Shadow chancellor Ed Balls has signalled Labour could scrap HS2, the controversial high-speed rail project, if it regains power in 2015.
Mr Balls appeared to suggest a significant weakening in his party’s support for HS2 in his keynote conference speech in Brighton.
He attacked the spiralling costs of the scheme, currently estimated to be £50bn, and warned there would be no ‘blank cheque’ if he was chancellor.
The comments will fuel fears in Tory high command that cross-party support for the project could fall apart and will ramp up tensions ahead of its own conference next week.
Mr Balls said: “Under this government, the High Speed 2 project has been totally mismanaged and the costs have shot up to £50bn.
“David Cameron and George Osborne have made clear they will go full steam ahead with this project – no matter how much the costs spiral up and up. They seem willing to put their own pride and vanity above best value for money for the taxpayer.
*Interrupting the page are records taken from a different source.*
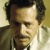 Warren Oates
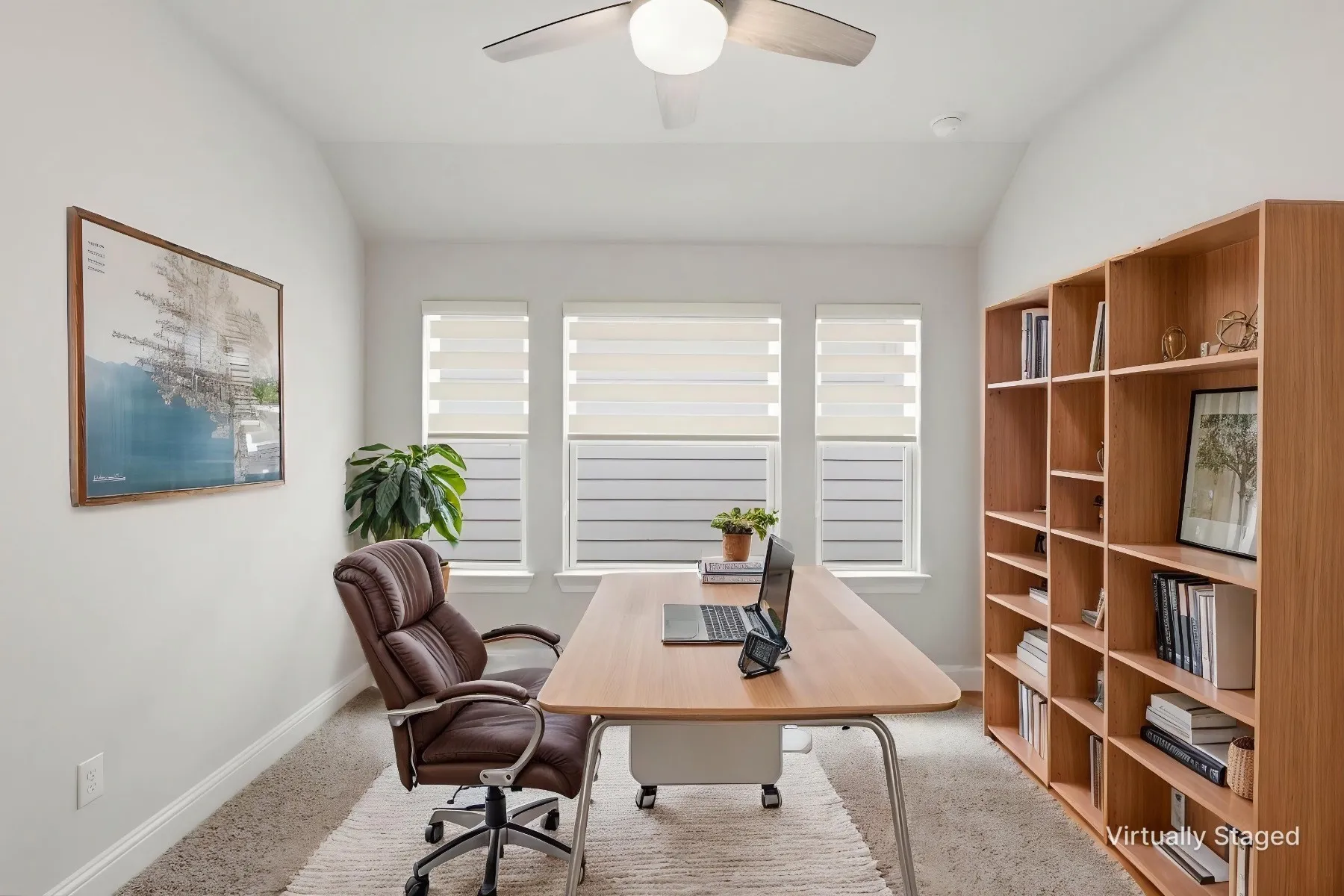 Single Family Residence For Sale in Collin County , 1053 Sarah Street, Allen, Texas 75013, 3 Bedroom, 4 Bathroom, 2 Garage spaces, 2,511 Sqft, built in 2021, mls#21311215, Real Estate Agent in Allen, Homes For Sale in Collin county, Homes For Sale in Allen, Realtor in Allen Texas, Real Estate Brokerage Independent Realty Texas, Luminita Cordes Realtor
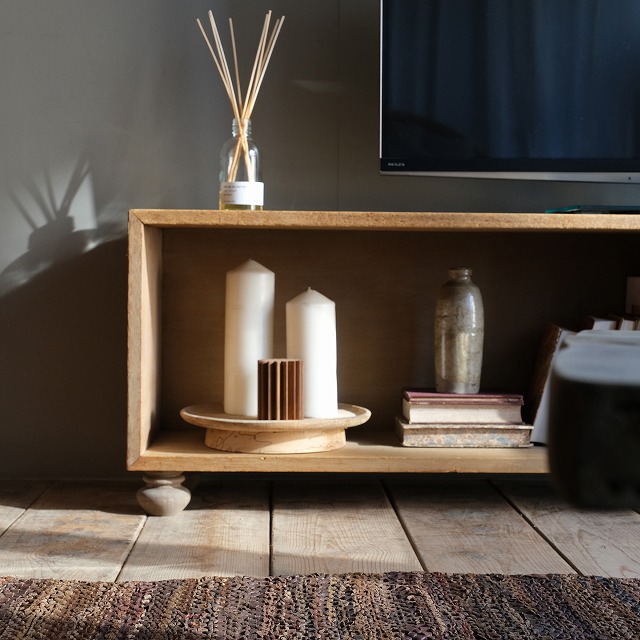 �����ܡ��ɡ�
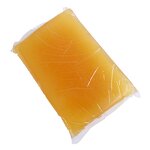 Animal Jelly Glue Manufacturer - Neutral Semi-Automatic for Woodworking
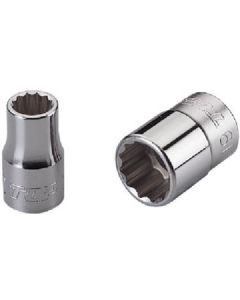 Socket 1อัน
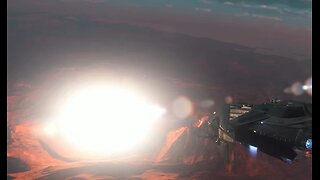 Draggz A2 Bombing practice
“Labour will not take this irresponsible approach. So let me be clear, in tough times – when there is less money around and a big deficit to get down – there will be no blank cheque from me as a Labour Chancellor for this project or for any project.”
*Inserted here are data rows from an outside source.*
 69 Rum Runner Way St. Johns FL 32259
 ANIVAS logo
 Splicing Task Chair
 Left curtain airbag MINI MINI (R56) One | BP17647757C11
Shadow chief secretary to the Treasury Rachel Reeves later said Labour could scrap the project if it was no longer ‘good value for money and costs continue to rise’.
British Chambers of Commerce chief John Longworth called on Labour to clarify its position, while Katja Hall, the CBI’s chief policy director, said: “We’ve always said that the Government must redouble its efforts to sell the benefits of HS2 while keeping a tight lid on costs.
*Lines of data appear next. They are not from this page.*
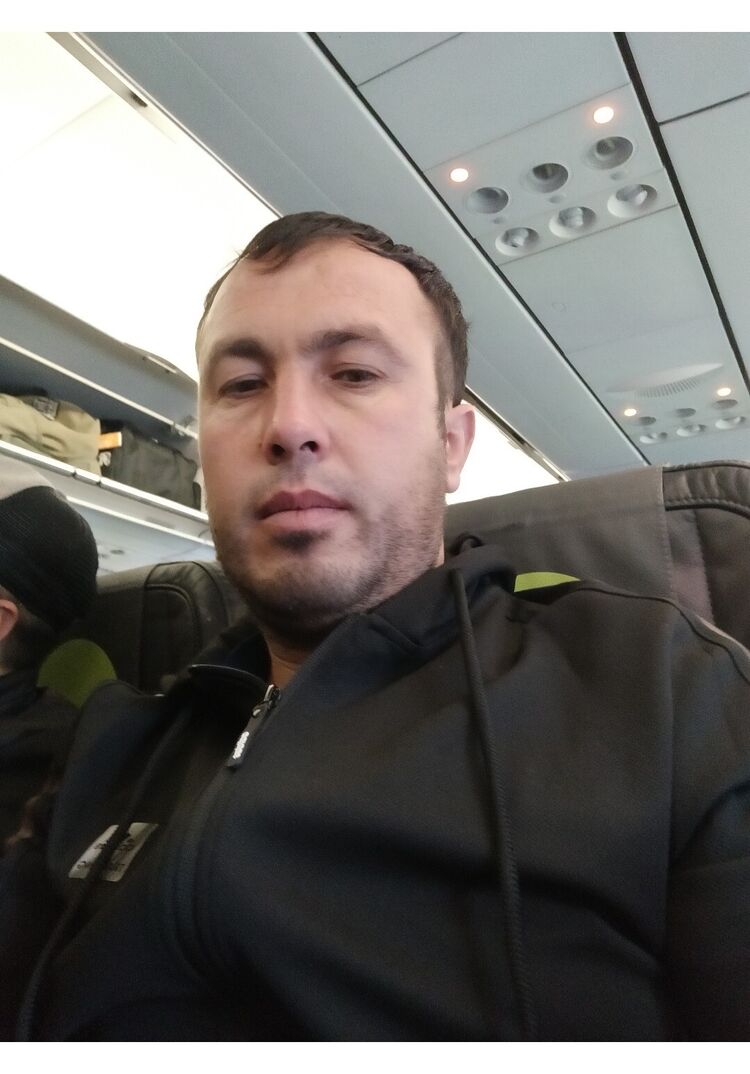 ���� 46647446 ������� ������, 37 ���, ���� ���������� � ������������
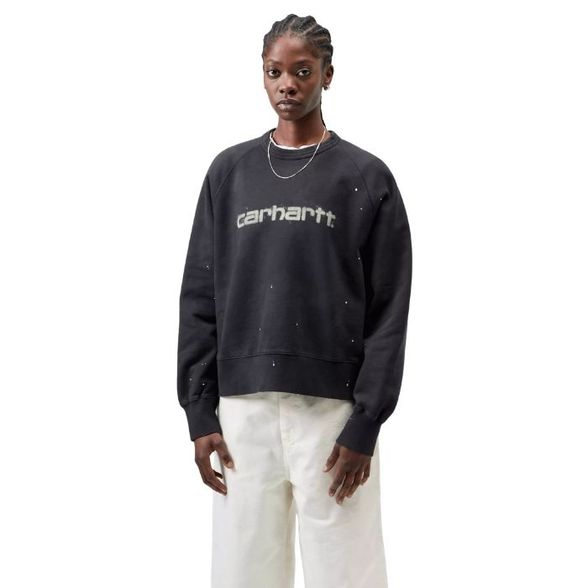 Carhartt WIP PAINTER collegepaita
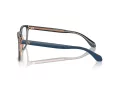Giorgio Armani Glasögon AR 7255 6085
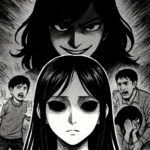 【胸糞】大学生の頃、彼氏に軽い気持ちで「子供ができた」と嘘をついた。そしたら彼が親に電話してしまい、嘘だと言えなくなった。その日の夜には両家顔合わせ。「責任はとる！」と言う彼。彼の母親は猛反対するも…嘘がバレるのが怖くて、母の協力のもと、すべてを彼の母親のせいにした。結果…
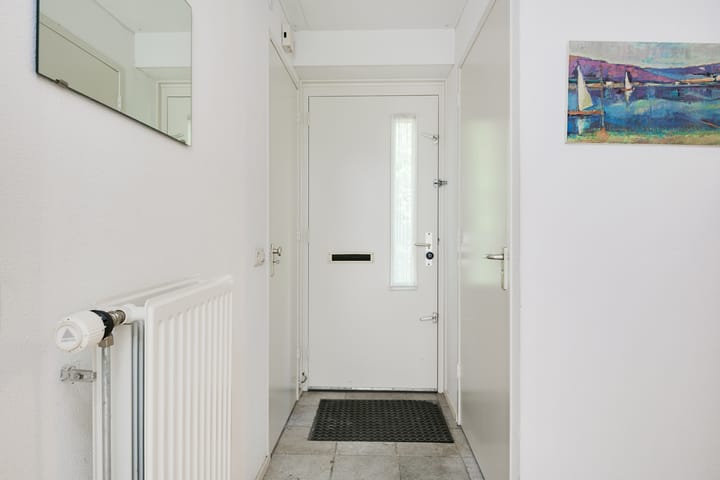 Photo 6 of Halseweg 54-06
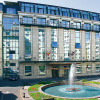 Отель VISIONAPARTMENTS Bucharest Calea Victoriei, фото 34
“But let’s not forget why this project matters. HS2 will connect eight of our 10 biggest cities, boost regeneration projects across the country for years to come, and will avert a looming capacity crunch on the West Coast main line.”
Last week Labour’s shadow rail minister Lilian Greenwood had said that the party was still ‘completely committed’ to HS2. Lord Adonis, a former transport secretary under Gordon Brown, is an enthusiastic supporter of the scheme but Lord Mandelson and Alistair Darling have both spoken out against it.